Mais le fait précisément de mener un combat, n’est-il pas incompatible avec la posture nihiliste qui consiste à n’accorder de valeur à rien? "À l'opposé du romantique toujours pénétré du sentiment que le monde est un tissu de sens cachés, de symboles à déchiffrer et d'indicibles mystères, le nihiliste considère que la vie est courte, brutale, insipide." écrivait Roland Jaccard en 1989 dans La Tentation nihiliste. Et s’il est vrai que c’est à peu près à cette succession d’adjectifs que ressemble la vie d’un djihadiste actuel (“courte” car il meurt au front ou en ‘martyr’ lors d’un attentat suicide, “brutale” car il s’acharne à appliquer une violence inouïe dans son quotidien et se détache de toute dimension affective et enfin “insipide” car là où il croit vivre une aventure pleine d’adrénaline, il ne fait en réalité que tenter désespérément de compenser des frustrations enracinées), il n’en demeure pas moins qu’un djhadiste a une cause à défendre et des objectifs précis à atteindre, ce qui ne peut, par définition, être le cas d’un nihiliste. En effet, sa mission, c’est la soumission des infidèles et de leurs nations par la conversion, par la domination ou par la mort. Et pour atteindre ce but ultime, le djihadiste a recours à la destruction systématique de tout ce qui architecturalement ou humainement s’y oppose. En dernier recours, la mort en martyr est la forme la plus aboutie de sa foi et de son dévouement. Or le nihiliste qui prétend que la vie, le monde, les choses, n’ont aucune valeur en réalité, prétend de la même manière que la mort n’en a pas plus, par-là même il n’a aucune raison de se suicider. En ce sens, le djihadiste, pour qui le fait de se donner la mort représente l’action de sa vie la plus chargée de sens, ne s’aligne donc pas sur une posture dite nihiliste. Alors que le nihilisme est une manière d’être au monde qui dépouille la vie et la mort de toute valeur et de tout sens, le djihad apparaît, pour ceux qui en font le choix, aussi bien comme un “projet de vie” que comme un “projet de mort”, là où précisément un sens existentiel faisait terriblement défaut.

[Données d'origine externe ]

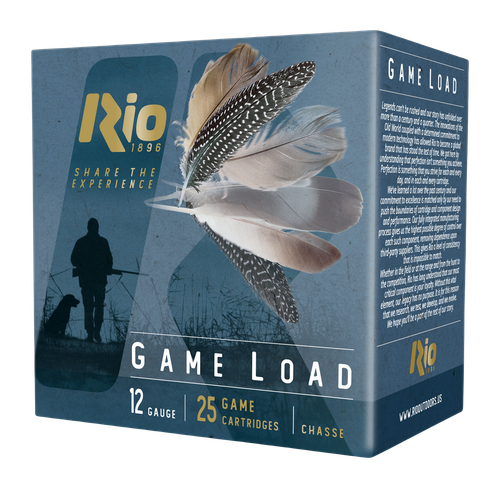 Rio Texas Game Load High Velocity 12 Gauge Ammo - 2-3/4" | 1 1/4 oz | #8 Shot | 25rd Box (TGHV368)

Finalement, comme tous ces termes un peu grandiloquents qu’on aime employer car ils nous évoquent un concept fort qui pourrait contenir une explication globale à un problème complexe, le nihilisme s’est partiellement évidé de son sens historique et philosophique. Il est davantage devenu un concept fourre-tout, une coquille vide dans laquelle viennent se nicher incompréhensions et objurgations de tous bords, voire, l’anathème qu’on lance sur celui qui, par son attitude, nous apparaît inintelligible et insupportable.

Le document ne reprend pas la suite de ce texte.